The final act of denial, which we in Transparency International see whenever we launch the Corruption Perceptions Index, is government calling on those raising allegations of corruption to provide cogent evidence of this corruption. This is an elected government, with the instruments of power and institutions mandated to investigate and prosecute corruption cases, asking ordinary individuals to provide evidence.

An impression is created that all allegations of corruption – especially those targeting members of the government or ruling party, are simply frivolous and vexatious. This is usually a hypocritical position taken because when these allegations of corruption are made against political opponents, we see members of the ruling party and government leaders taking to the mountaintops to denounce this corruption even without the necessary evidence. This denial of the existence of corruption gives governments and organisations a veneer of comfort that all is well. But the reality which we should all be painfully aware of is that procrastination to openly, urgently and boldly deal with the corruption of today, is basically to delay actions which in the fullness of time will have devastating consequences on our society- our inertia to act now will certainly manifest in negative ways in the near future.

3. Society’s permissiveness of corruption

In recent times and in many parts of the world, we are witnessing a worrying phenomenon. Corruption continues to flourish uninhibited with no voices of protest raised against it. We the members of society in fact have come to accept corruption as an evil that will always be with us and very little can be done to eliminate it. It is my contention that the greatest tragedy that we face in our countries today, is not the high levels of corruption, the tragedy lies in the indifference that we the people have towards corruption. We have normalized corruption and we go further and rationalize it- we find good reasons to exonerate those accused of corruption. In fact, the corrupt are not without a huge legion of supporters and beneficiaries of their ill gotten wealth. Those who speak or act against the corrupt, are labelled to be political or tribal. At times we have seen heads of government institutions, vilified simply for doing their job.

The corrupt live among us, we know them and at times we even elect them into positions of power. This is the reality of the world we live in. It is quite amazing to observe those instances when society elects persons with well known corruption background and we expect them to undergo some form of metanoia and repent from their ways when given the levers of power. Talk about asking fish to fry itself. We as society are at times equally to blame for the corruption taking place in our communities.

Admittedly, at times society takes a back seat out of frustration with the lack of progress in the fight against corruption. It is frustrating to note how corruption cases involving high profile persons in society drag on for years before getting to any conclusion and yet the law enforcement agencies and the courts of law act expeditiously on cases involving the small fish. A number of our chapters conduct Bribe Payers Index survey which really examine people’s experiences with corruption and one question whose answers are disheartening relates to whether people who have experienced acts of bribery have reported these to the relevant authorities and the answer is NO- we have no faith that these agencies will do anything about it.

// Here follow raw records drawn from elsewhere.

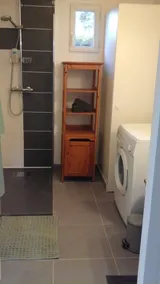 Fully renovated little independent house - Image 5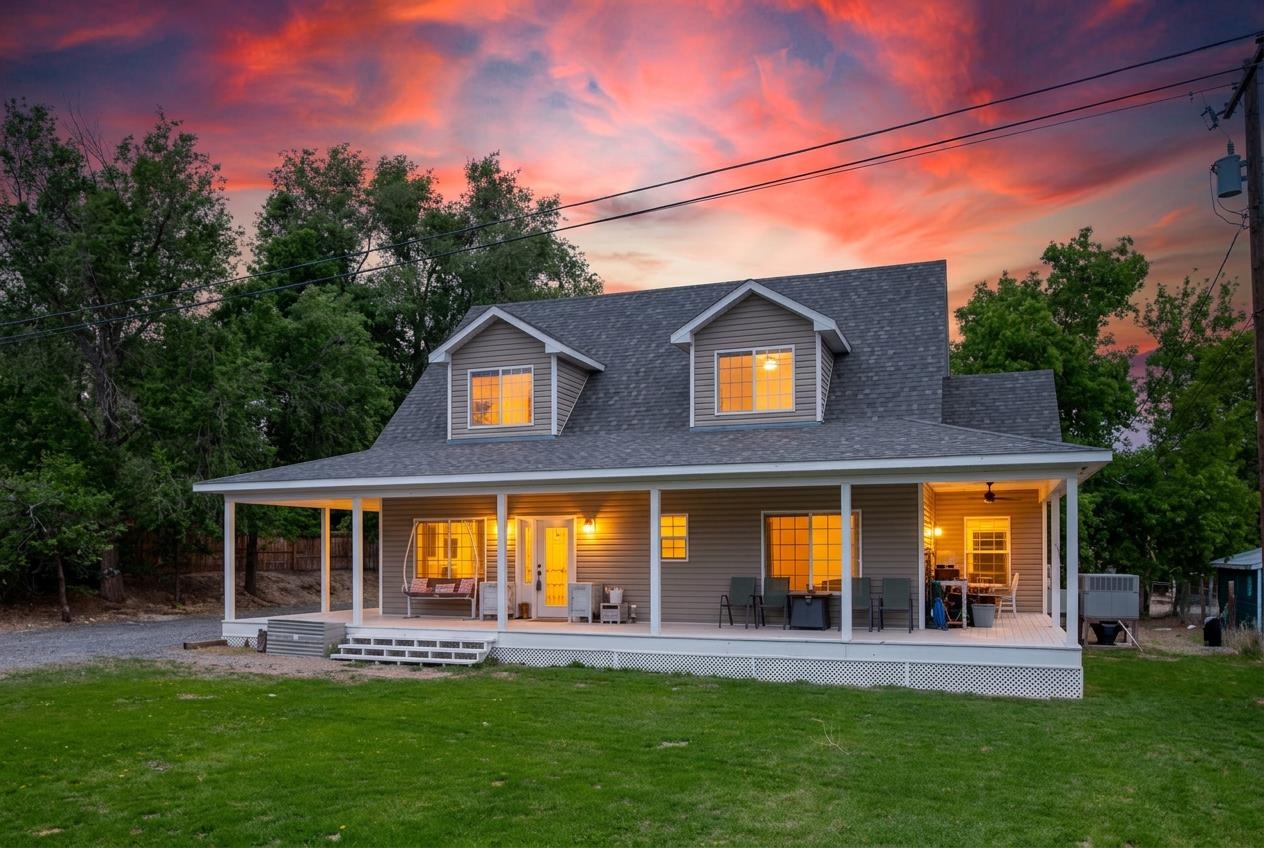2314 Broadway Grand Junction, CO 81507 - Photo 33 of 39 a front view of house with a garden and patio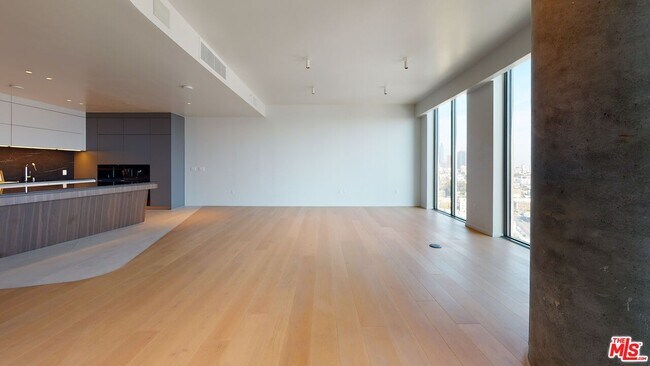 Building Photo - 2801 Sunset Pl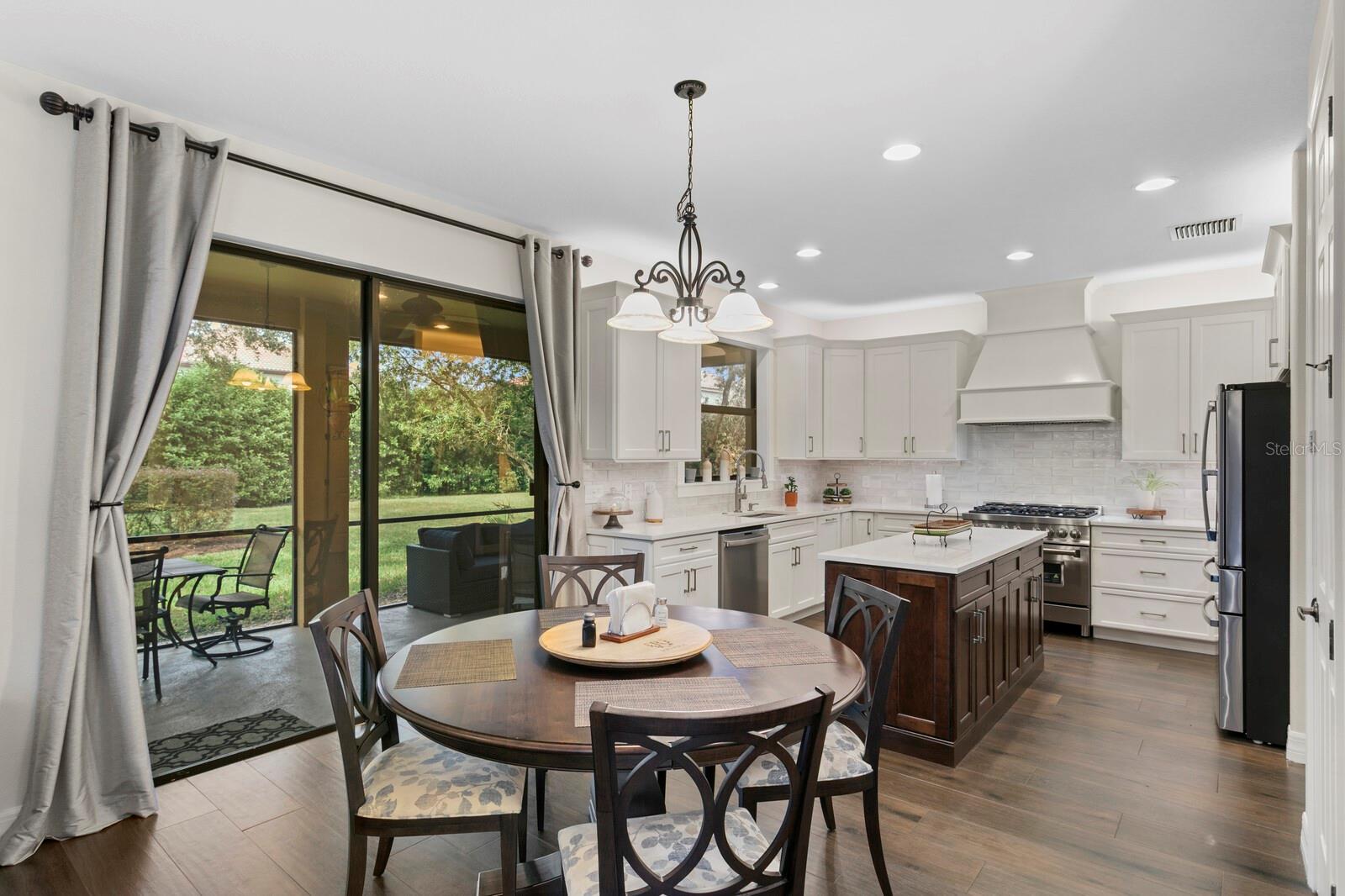 20352 CHESTNUT GROVE DR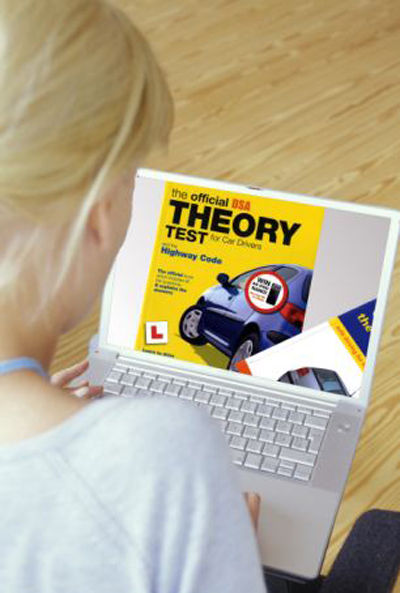 駕駛標準局的發(fā)言人稱，駕照申請通過率低證明了英國駕駛安全系數高。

4. Rising impunity and political patronage

High levels of corruption are now accompanied by unprecedented rise in impunity for corruption. In Transparency International, we consider impunity as getting away with bending of the law, beating the system or escaping punishment. Impunity is anathema to the fight against corruption. Due to impunity, the corrupt have lost all manner of fear for public resources and property, the corrupt do not fear the consequences of the law – because through their corrupt deeds, they can circumvent all authorities including the courts of law. It is this culture of impunity that has provided a fertile ground for new forms of corruption – some which violates human rights and threatens peace. Impunity makes the corrupt bold and quite often, the corrupt fight back. The reality that has to be faced is that with the rising impunity, the corrupt threaten, harass and at times harm anti corruption activists, investigative journalists, law enforcement officers and all other authorities.

Impunity for corruption compromises the efficacy of investigations and prosecutions of allegations of corruption, particularly those involving persons who are politically connected. Impunity may equally compromise the independence of the judicial system when allowed to prevail. Impunity gives rise to state capture as seen in South Africa where the three Gupta brothers from India, who settled in that country, utilized their relationship with former President Jacob Zuma to literally milk the country of its wealth. The Guptas went to the extent of identifying persons to be appointed to Cabinet. This impunity is aptly captured in Robin Renwick’s book – “How to Steal a Country.”

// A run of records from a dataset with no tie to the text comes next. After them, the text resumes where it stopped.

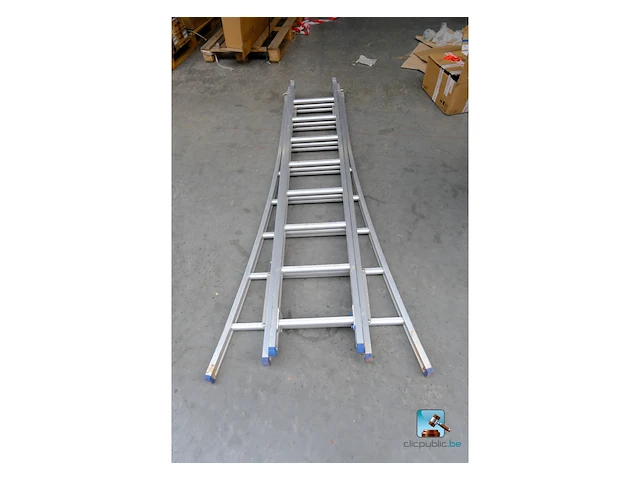 Drievoudige ladder - afbeelding 1 van  5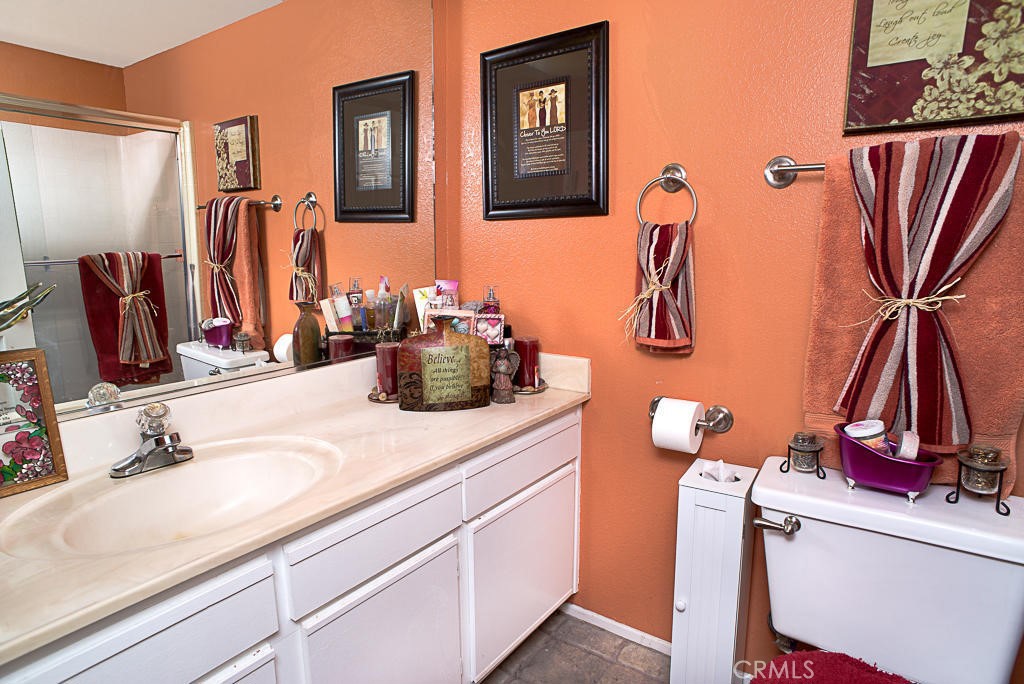 44460 15th E 3 Property Photo 6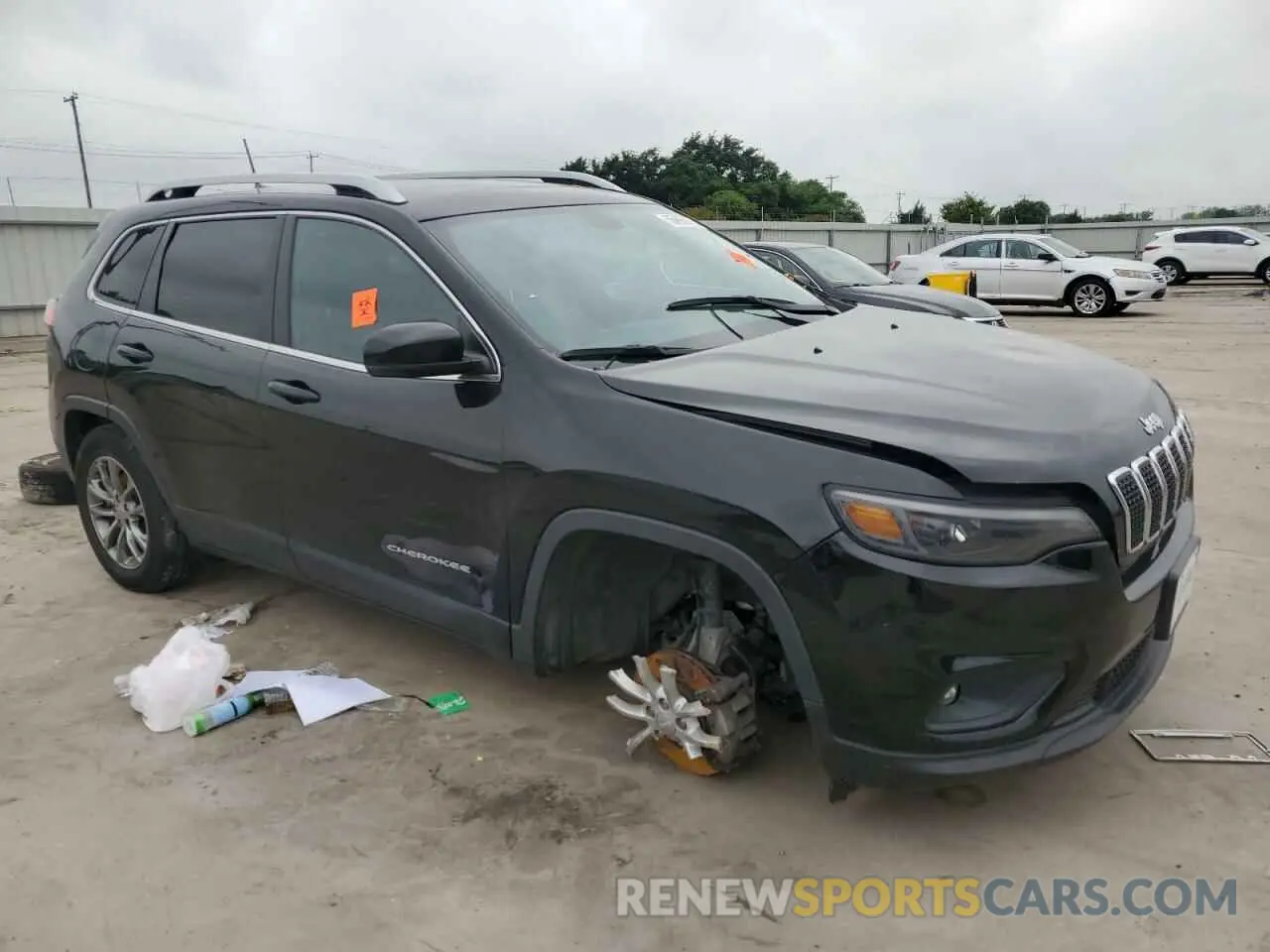 4 Photograph of a damaged car 1C4PJMLB6LD609641 JEEP GRAND CHER 2020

That is what immunity can do- it can lead to not only loss of public resources but a country as well. What was happening in South Africa during President Zuma’s reign reminded me of the infamous statement of Oscar Raymundo Benavides- a Field Marshal and former President of Chile, who once quipped -“For my friends everything; for my enemies, the law.” In order to successfully crackdown on corruption, we should equally tackle the rising impunity.

Similarly, political patronage remains another growing concern in countries around the work. Patronage is prevalent and used to party loyalists with unrestricted and unfair access to public contracts and tenders. The beneficiaries of this patronage often do not have the necessary qualification and experience to execute these public contracts – they receive these favour simply on account of their membership to the ruling party or their connectedness to those with power. Patronage does not guarantee the quality of public works or goods supplied by this group which will sometimes refer to as “Tenderpreneurs” in our region. Usually Tenderpreneurs have no specific skills but they have the right connections to identify tenders which they get and are often poorly executed or end up being sold to other contractors to execute. There are a number of people who make a living simply be taking advantages of their relations with those in power.

5. Need to change our approach in combating corruption

I have had the privilege of being involved in the work of Transparency International for the last 17 years and I have had the the great honour to travel to many parts of the world and witness first hand, the work of our chapters and several other organisations involved in combating corruption. I am also aware of the efforts of the many well intentioned governments who genuinely seek to reduce the levels of corruption in their countries. Such governments have passed laws, established structures to address corruption. Similarly, the private sector, the business community and intergovernmental agencies, continue to pour millions of dollars in anti corruption efforts. We have international and regional conventions on corruption. We have a number of corruption measurement tools like the CPI in place, we have a lot of studies conducted by Think Tanks and Universities right throughout the world.

 

Of concern to me and many others is that over the years, colossal investments made in this anti corruption industry and yet this is not commensurate with the results on the ground. As earlier alluded to, despite this investment, corruption is still prevalent. It would seem the more money for anti corruption activities, the more corruption we have to contend with. And while there are several reasons that can be attributed to for this state of affairs, I would like to suggest that the traditional approach to combating corruption has had limited impact.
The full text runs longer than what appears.